What should it include?
Business tone of voice
This should reflect the personality your business is trying to portray. Is it friendly and approachable and will it steer away from using traditional HR terms like 'probationary period'?
Signposts to your policies
A culture book shouldn't replace business policies, which are still essential in protecting your staff and your business. However, it should signpost staff to where they can find them if and when they need them.
What's expected of staff
Including working hours and dress code and how you like to operate.
The best way to convey your business personality is to include your staff. Consider profiles of your staff (their likes/dislikes) and get them to list what they enjoy most about working for the business, or their one piece of advice for the first day.
Your core values
It should define what's at the heart of the business and its ethos.
A history of the business
Including future growth plans and ambitions.
Details of products
A summary of what sets the business apart from others
And how it operates.
Design and format
Unlike the traditional employee handbook, a culture book doesn't have to be presented in a standard format. Many tend to be image-led with less copy to make it more appealing to employees.

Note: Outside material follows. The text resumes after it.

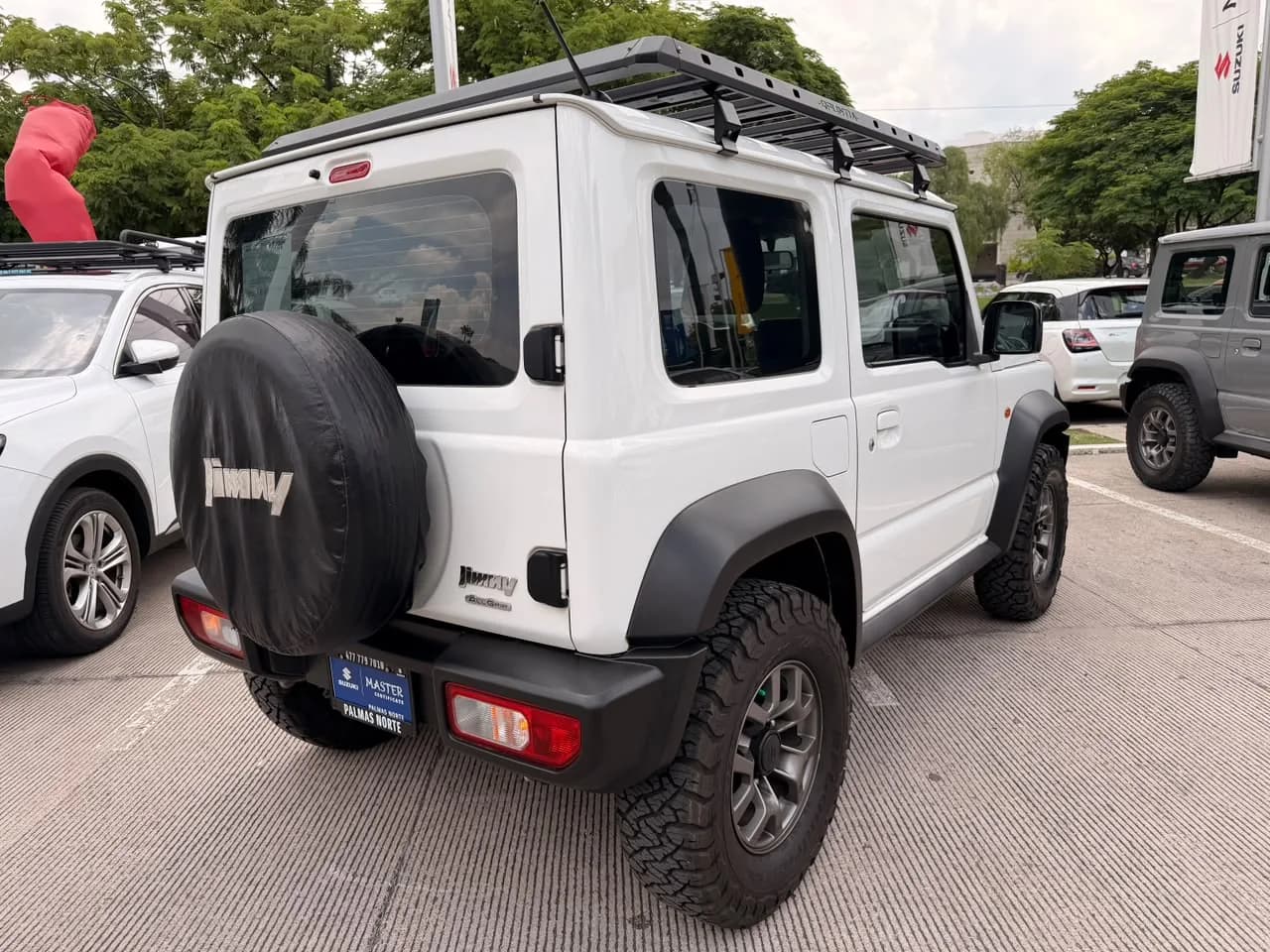 Suzuki SUZUKI JIMNY GLX 1.5L 4CIL 4WD 4PAS 3PTAS 2021 - más imágenes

Well-known for its great culture books, Zappos publishes a new one each year which takes on different formats - from magazines to comic books - to showcase its business. Project planner business Trello set up its culture book using its own products as a great way to showcase what the business actually does.
Some businesses have scrapped the book idea altogether in favour of presenting the information on video. The Motley Fool has mixed video with images and text to create a compelling backgrounder for staff.
Ultimately, you should explore what defines your business or brand, what makes it stand out from the crowd and the ideal employees you want to attract. Use this knowledge to play around with different formats and designs to see which best represents your growing business.